-- What you should do --
Lines from the one containing "Baja Designs - XL" through the final line of the records are the only ones to copy, and each must match exactly.

*** Extracted entries Section Begins ***

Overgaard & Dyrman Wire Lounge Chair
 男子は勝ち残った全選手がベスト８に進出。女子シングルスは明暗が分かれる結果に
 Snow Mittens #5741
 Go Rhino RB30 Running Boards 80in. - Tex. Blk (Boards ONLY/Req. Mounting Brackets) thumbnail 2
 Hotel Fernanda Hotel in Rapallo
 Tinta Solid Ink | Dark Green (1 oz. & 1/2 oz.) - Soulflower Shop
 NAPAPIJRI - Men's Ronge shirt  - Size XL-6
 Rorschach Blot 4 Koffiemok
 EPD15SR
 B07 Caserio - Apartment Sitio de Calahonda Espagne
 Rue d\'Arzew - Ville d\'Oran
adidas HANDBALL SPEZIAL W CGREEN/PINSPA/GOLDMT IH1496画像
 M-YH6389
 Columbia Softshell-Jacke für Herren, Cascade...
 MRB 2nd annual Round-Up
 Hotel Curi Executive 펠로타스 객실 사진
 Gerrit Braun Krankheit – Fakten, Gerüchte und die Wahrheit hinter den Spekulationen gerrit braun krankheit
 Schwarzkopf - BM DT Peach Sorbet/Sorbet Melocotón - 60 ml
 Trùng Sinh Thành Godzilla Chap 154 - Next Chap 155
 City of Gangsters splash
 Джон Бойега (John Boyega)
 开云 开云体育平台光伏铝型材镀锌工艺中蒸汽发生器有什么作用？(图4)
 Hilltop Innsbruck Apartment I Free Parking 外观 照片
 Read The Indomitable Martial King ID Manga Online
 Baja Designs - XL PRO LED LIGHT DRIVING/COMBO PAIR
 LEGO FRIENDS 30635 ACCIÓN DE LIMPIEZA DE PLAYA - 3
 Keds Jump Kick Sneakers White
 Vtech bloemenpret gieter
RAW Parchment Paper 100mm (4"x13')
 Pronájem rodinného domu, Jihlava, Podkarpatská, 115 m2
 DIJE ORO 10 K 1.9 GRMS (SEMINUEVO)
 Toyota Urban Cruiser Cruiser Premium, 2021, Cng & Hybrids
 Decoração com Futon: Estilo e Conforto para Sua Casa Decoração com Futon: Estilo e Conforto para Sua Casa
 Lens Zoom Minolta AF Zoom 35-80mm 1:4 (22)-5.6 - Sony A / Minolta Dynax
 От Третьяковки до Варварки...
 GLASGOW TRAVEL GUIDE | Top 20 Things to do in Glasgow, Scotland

*** Extracted entries Section Ends ***

-- Response for this exercise --
 Baja Designs - XL PRO LED LIGHT DRIVING/COMBO PAIR
 LEGO FRIENDS 30635 ACCIÓN DE LIMPIEZA DE PLAYA - 3
 Keds Jump Kick Sneakers White
 Vtech bloemenpret gieter
RAW Parchment Paper 100mm (4"x13')
 Pronájem rodinného domu, Jihlava, Podkarpatská, 115 m2
 DIJE ORO 10 K 1.9 GRMS (SEMINUEVO)
 Toyota Urban Cruiser Cruiser Premium, 2021, Cng & Hybrids
 Decoração com Futon: Estilo e Conforto para Sua Casa Decoração com Futon: Estilo e Conforto para Sua Casa
 Lens Zoom Minolta AF Zoom 35-80mm 1:4 (22)-5.6 - Sony A / Minolta Dynax
 От Третьяковки до Варварки...
 GLASGOW TRAVEL GUIDE | Top 20 Things to do in Glasgow, Scotland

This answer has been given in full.